Caldwell photographer Alan Schindler, who specializes in architectural photography, knew a good thing when he saw it – and reached out to the K. Hovnanian Homes firm last summer to see if the borough might be able to benefit from what otherwise may have been considered trash.
But Schindler, trained to see the historical significance in mortar and stone, knew the brownstone being taken down as the old Essex County prison annex was demolished was much more than trash, and instead, treasure.
“I was doing work in Morristown, photographing the green about 2 or 3 years ago,” said Schindler. “I had been working for a landscape architect, and had photographed the green. One of the interesting features was a curved bench, made out of an indigenous material. It was a type of stone with special significance to the Morristown area.”
When Schindler saw the prison finally being brought down, he knew he needed to get a closer look.
“The brownstone is amazing,” he said. “This prison was built back in the 1800’s, and the Presbyterian Church in Caldwell was built only a few years later.
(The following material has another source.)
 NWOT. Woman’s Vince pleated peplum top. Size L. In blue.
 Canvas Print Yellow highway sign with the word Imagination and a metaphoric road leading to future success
The stones look very similar, like they may even have come from the same quarry.”
After taking a tour of the construction site and seeing the brownstone first hand, Schindler reached out to Doug Fenichel, who was then the director of regional pr for the K Hovnanian Home company.
“I thought we could make an interesting curved bench out of the stone,” he added. “Doug was very receptive to the idea and said they would donate whatever we needed.”
Schindler had been working with the committee to redesign the Caldwell green, which had originally planned a restive area with a big clock. Now, since plans have changed for the green, this free brownstone may be a decorative link that also serves as an historical bridge not only for Caldwell but also for the First Presbyterian Church.
‘Using the same materials on the green as the church, for a bench or maybe for some planters, would give a sense of continuity,” said Schindler. “It would also make a great story for Caldwell.”
As for now, the council is aware of the brownstone and at the last council meeting, councilor Joseph Norton told the public about the new idea, with great enthusiasm.
And, as all good ideas, another town has also requested some of the prison. North Caldwell is reported to be taking the tower from the prison, to be used for something in their town.
Though money is tight in all municipalities, this free brownstone may be the building block of something lasting in Caldwell.
“We don’t have to spend a lot of money,” noted Schindler. “We can build something simple and iconic. It’s historic.”